The value of friendship

Mar 03 2010 by Nic Paton Print This Article

Wise heads in the office always used to discourage people from working with their friends. It'll be too distracting, if you promoted faster it could end a beautiful friendship and what about the complications if you end up in a relationship, they'd caution and worry.

Not any more. In fact, according to research published by the London School of Economics, making a conscious decision to place employees among hard-working friends can make them more productive at work.

But the key is the phrase "hard-working". Employees work harder when they work with friends who are more industrious than themselves, compared with when they work with people who are not their friends, a research paper, Social Incentives in the Workplace, has concluded.

Some of the old warnings may also not be too far off the mark, the study, published in the Review of Economic Studies, has concluded.

Employees were significantly less productive when they worked with friends who were less hardworking than themselves, it found.

The study looked at the productivity of fruit pickers and their networks of friends on a farm, with workers asked to name up to seven friends.

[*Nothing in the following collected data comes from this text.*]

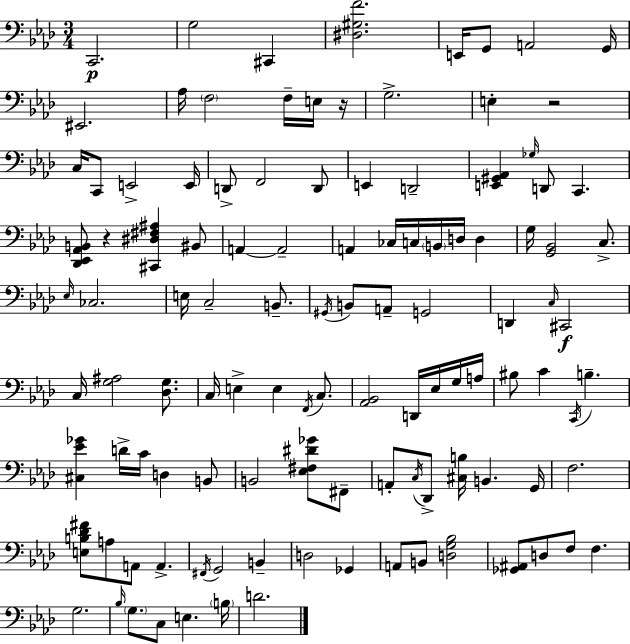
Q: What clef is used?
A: bass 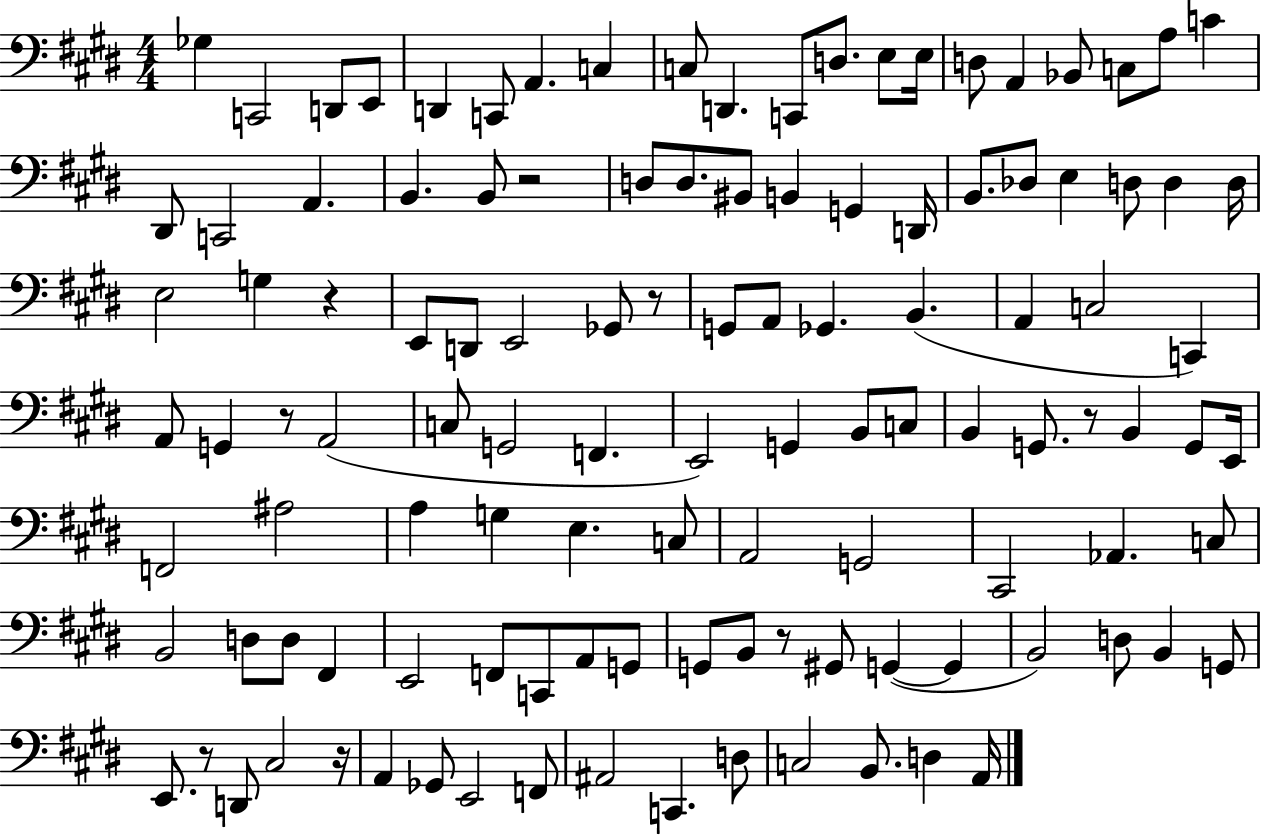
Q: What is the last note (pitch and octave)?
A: A2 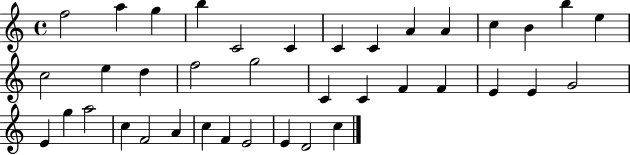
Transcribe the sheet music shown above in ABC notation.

X:1
T:Untitled
M:4/4
L:1/4
K:C
f2 a g b C2 C C C A A c B b e c2 e d f2 g2 C C F F E E G2 E g a2 c F2 A c F E2 E D2 c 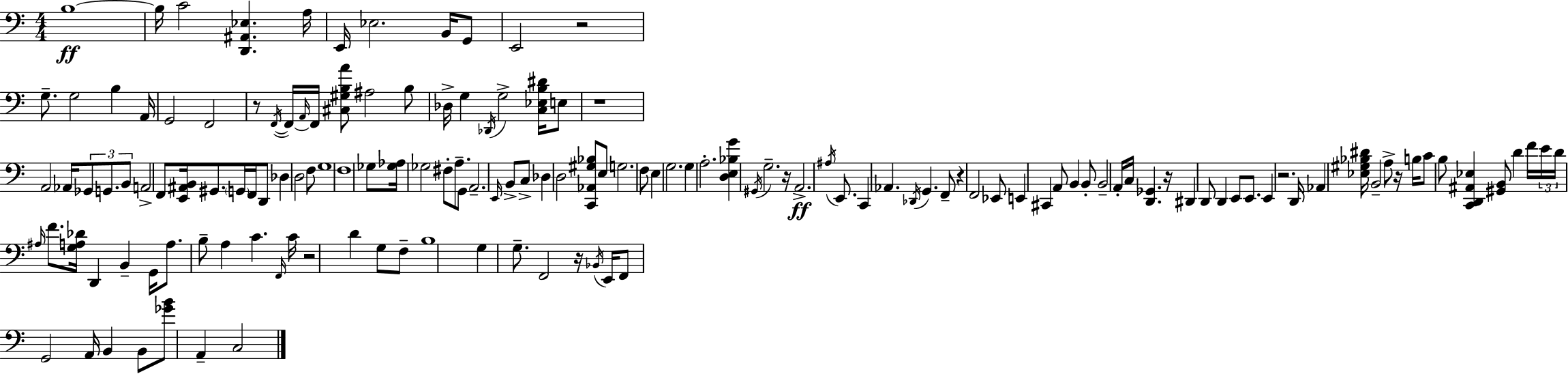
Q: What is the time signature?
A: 4/4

They were then observed on days when they worked alone to form an estimate of their average productivity and this was compared to their performance when they worked with friends.

One of the co-authors of the research, Professor Oriana Bandiera from the LSE, said: "Our research suggests that getting people to work with their friends could be one way for companies to motivate their workers without necessarily paying them more. However, this approach needs to be exercised with care since friends in the workplace can be a good or a bad influence."

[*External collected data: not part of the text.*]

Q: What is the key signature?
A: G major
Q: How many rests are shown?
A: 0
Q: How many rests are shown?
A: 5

According to the research, whether friends combined productivity was lesser or greater when they worked together or individually depended on their initial ability levels.

For example, an extremely slow friend could cancel out the good influence of a faster worker.

The overall effect on a company's performance of having friends work together depended on the balance of the workers' ability across the firm.

Report co-author Professor Iwan Barankay [crct], of the University of Pennsylvania, also said: "If most people in a company are slow, the friendship effect will actually slow down the few 'star' workers. If this is the case it would be better to have the hard workers work by themselves as opposed to with a friend."

An average worker was 10 per cent more productive when working with a friend who was more able than themselves.

By contrast, workers who were more able than their friends were 10 per cent less productive when they worked with their friends.

Because workers were paid a piece rate per kilogram of fruit picked, this corresponded to an increase or loss of earnings.

The researchers put their findings down to the desire of friends to socialise rather than being a side effect of friends cooperating to get the job done faster since fruit picking is individual work.

Co-author Professor Imran Rasul, University College London, added: "These fruit pickers work in rows. So if they go at the same speed as their friends they get to chat. If one is faster and shoots ahead, that's clearly not possible.

"Our research is also applicable to other types of work. If you are an administrator filling in forms, for example, the number of forms you complete will depend on how long you spend chatting to your colleague, and that will also affect your colleague's work rate," he added.

On the farm studied the researchers found that productivity would have only increased by 2.6 per cent if they had kept friends together at all times.

The authors also noted that this may not have led to an increase in profits if there was a cost related to reducing the flexibility of the workforce.